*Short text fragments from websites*
'''
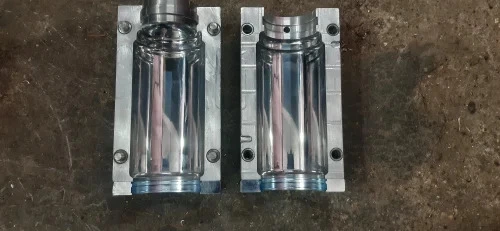 OEM stainless steel water bottle structural tooling and vacuum insulation development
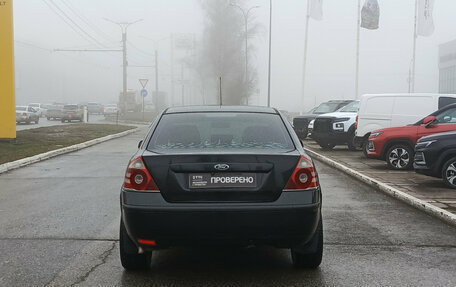 Ford Mondeo III, 2005 год, 430 000 рублей, 10 фотография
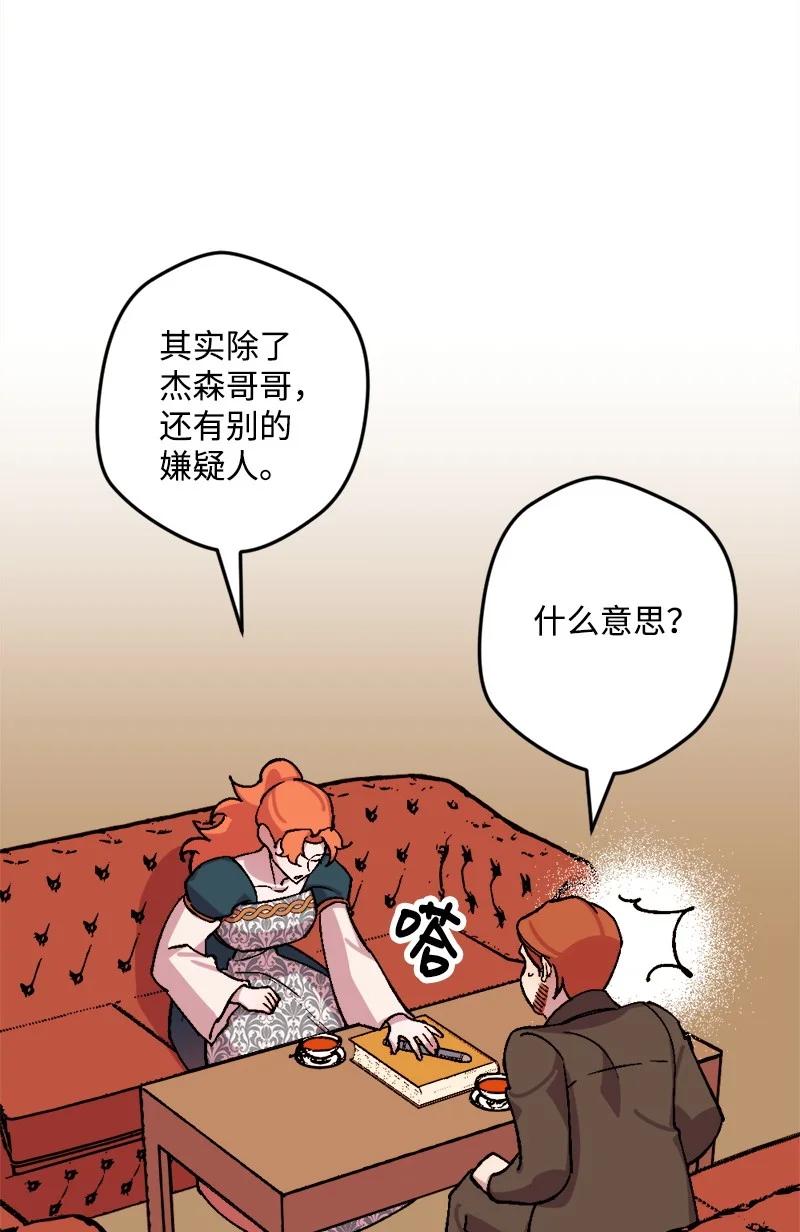 64 未卜先知(1/2)-第65话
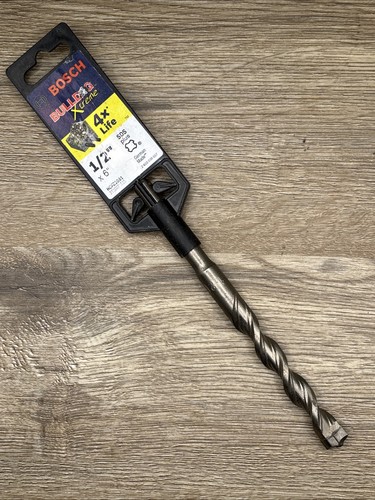 Bosch hcfc2081 pollice x - 1/2,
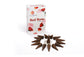 Red Rose Cones - Luna Panther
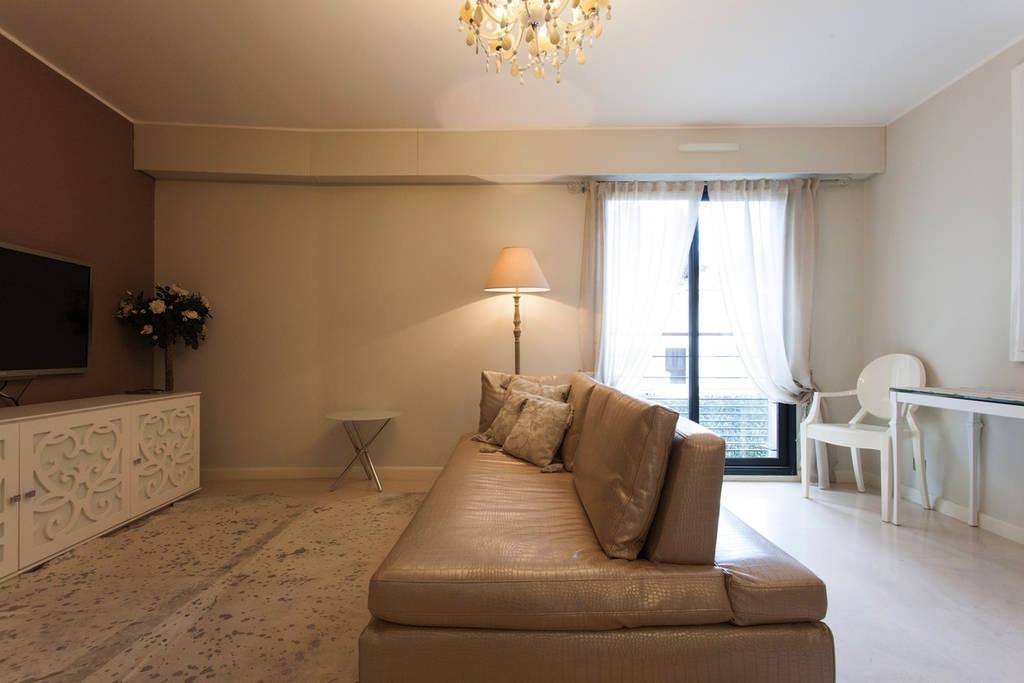 Carlton Riviera Apartment Cannes Exterior foto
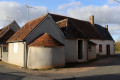 Ancien four à Saint-Août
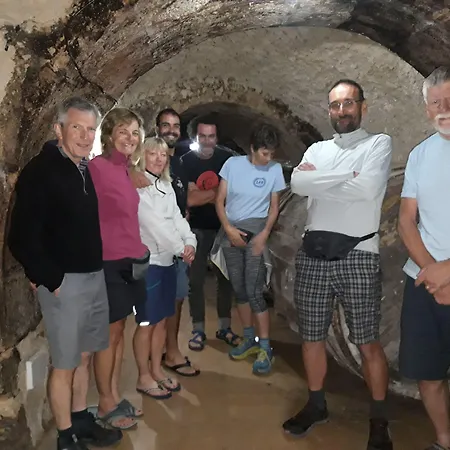 La Sinagoga Peñaranda de Duero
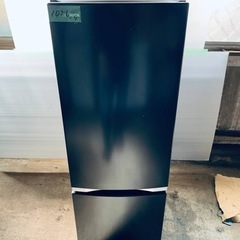 東芝ノンフロン冷凍冷蔵庫　GR-S17BS（K）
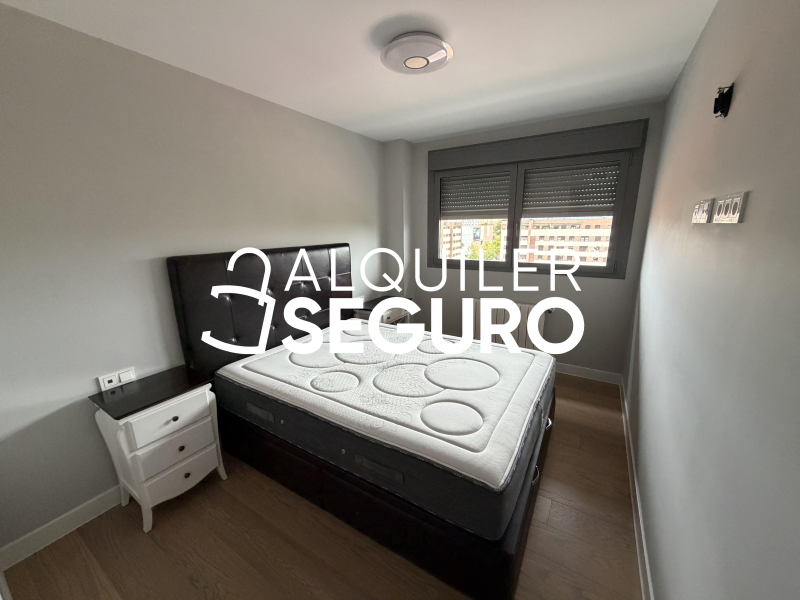 Piso en Calle Madrid, GETAFE MADRID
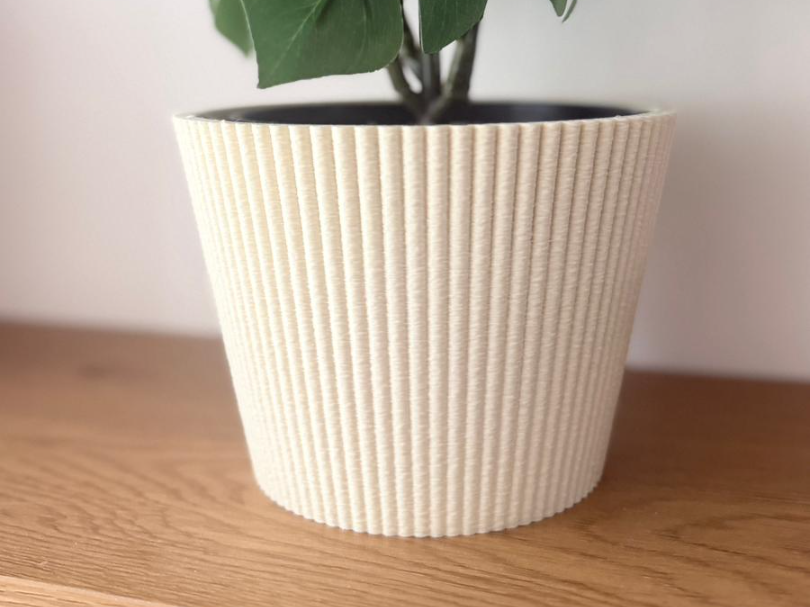 Macetero diseño para plantas Ikea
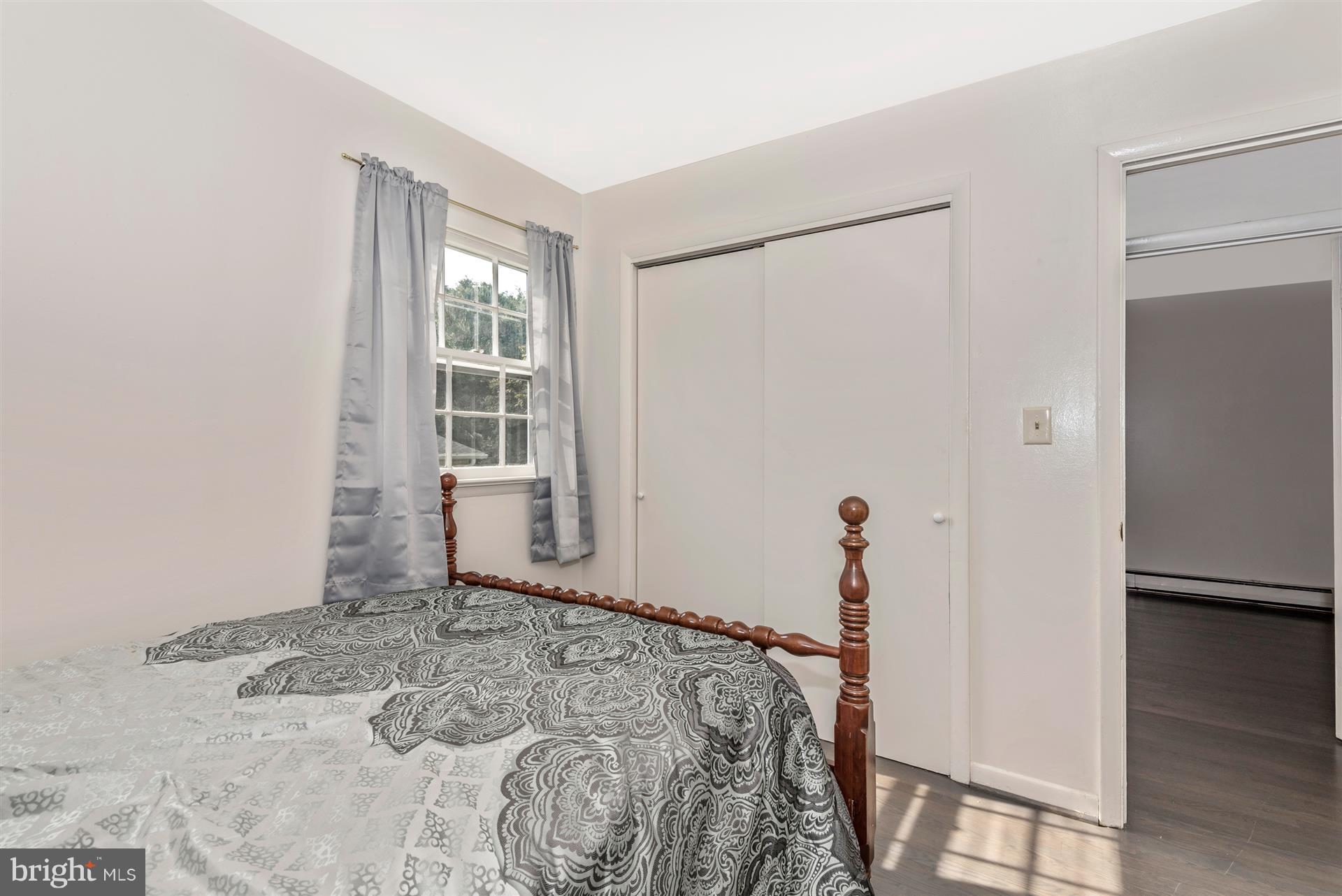 7829 Rocky Road Gaithersburg, MD 20882 - Photo 13 of 32 Master Bedroom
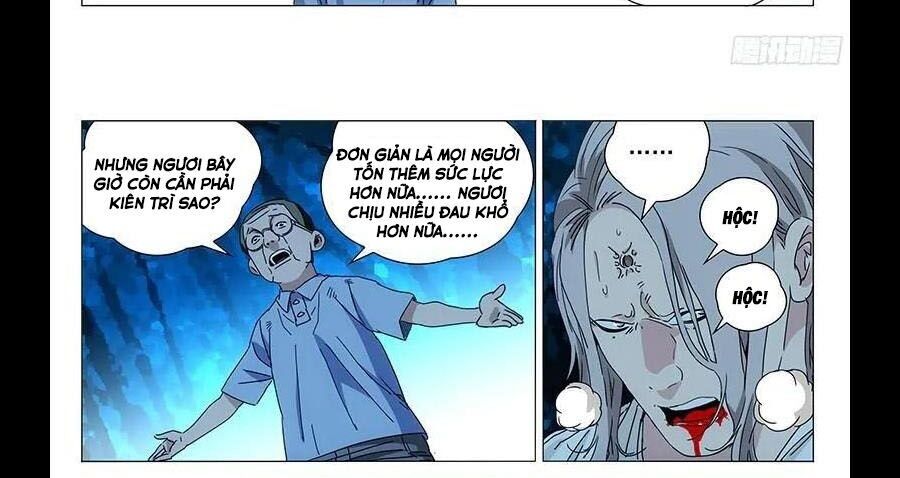 Nhất Nhân Chi Hạ Chapter 296 - 5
'''
*REQUIRED ACTION*
Print only the lines from the line that contains "Red Rose Cones - Luna Panther" to the final line of the data, inclusive. Pictures stay out.

*SOLUTION TO THE EXERCISE*
 Red Rose Cones - Luna Panther
 Carlton Riviera Apartment Cannes Exterior foto
 Ancien four à Saint-Août
 La Sinagoga Peñaranda de Duero
 東芝ノンフロン冷凍冷蔵庫　GR-S17BS（K）
 Piso en Calle Madrid, GETAFE MADRID
 Macetero diseño para plantas Ikea
 7829 Rocky Road Gaithersburg, MD 20882 - Photo 13 of 32 Master Bedroom
 Nhất Nhân Chi Hạ Chapter 296 - 5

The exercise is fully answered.